Every dish at Qi is thoughtfully and intelligently prepared, making for a gourmet experience
The first thing you notice about Qi, the restaurant at Le Meridien, apparent almost as soon as you walk in, is the intricate but not excessive décor. And as you progress through the meal, you realise that it is this wonderful attention to detail accompanied by a disdain for over-the-top gimmickry that makes dining at Qi such an enjoyable experience. Take the coconut-based creamy spicy noodle soup, for instance. In spite of having a coconut base, the soup is lighter than expected due to the papery vermicelli instead of the regular noodles. And the spices used are blended in such a way as to be invigorating rather than oppressive. What's more, it comes in both vegetarian and non-vegetarian versions, with a choice of either crab and shrimp stick or tofu. In much the same vein are the various other soups on offer such as the tangy hot and sour mushroom soup, hot and sour prawn with lemongrass, the traditional miso soup or the thick and creamy Thai kwai.
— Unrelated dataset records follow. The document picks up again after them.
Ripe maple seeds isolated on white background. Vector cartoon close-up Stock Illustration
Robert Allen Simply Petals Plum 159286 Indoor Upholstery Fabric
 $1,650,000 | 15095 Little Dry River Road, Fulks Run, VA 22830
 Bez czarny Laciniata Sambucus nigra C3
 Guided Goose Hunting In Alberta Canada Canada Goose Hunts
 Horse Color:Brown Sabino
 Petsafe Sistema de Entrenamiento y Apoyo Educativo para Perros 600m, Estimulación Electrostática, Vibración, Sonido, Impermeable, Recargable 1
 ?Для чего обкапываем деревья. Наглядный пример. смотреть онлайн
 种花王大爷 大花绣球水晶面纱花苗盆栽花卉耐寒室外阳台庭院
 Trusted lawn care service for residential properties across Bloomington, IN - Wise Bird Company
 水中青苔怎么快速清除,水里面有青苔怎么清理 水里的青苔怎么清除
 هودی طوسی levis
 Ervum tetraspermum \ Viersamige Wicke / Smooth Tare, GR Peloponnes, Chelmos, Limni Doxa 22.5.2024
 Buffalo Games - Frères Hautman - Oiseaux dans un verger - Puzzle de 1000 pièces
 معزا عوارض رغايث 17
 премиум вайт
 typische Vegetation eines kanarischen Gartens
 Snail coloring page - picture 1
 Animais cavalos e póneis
Among the starters, the laksa fish is a fascinating creation. Made with stewed spinach, this light snack has a pleasant, somewhat tangy feel to it. For vegetarians, the wonderfully creamy cheese rolls served with a garlic sauce are a must. The dim sums too are uniquely delicious, achieving a near perfect mix of filling and spices. The vegetarian dumplings, in particular, are steamed to perfection, with a soft, yielding exterior and a crunchy filling. Among the non-vegetarian dumplings, the smooth, slick chicken dumplings flavoured with asparagus are the perfect choice. And there's a host of other great starters to choose from, such as the kake aage (crisp shredded vegetables fried in tempura batter, served with a warm sauce) or the shitake yakitori (shitake mushrooms marinated in a special sauce and grilled) for vegetarians and prawn satay or the chicken or beef bulgogi for the non-vegetarians.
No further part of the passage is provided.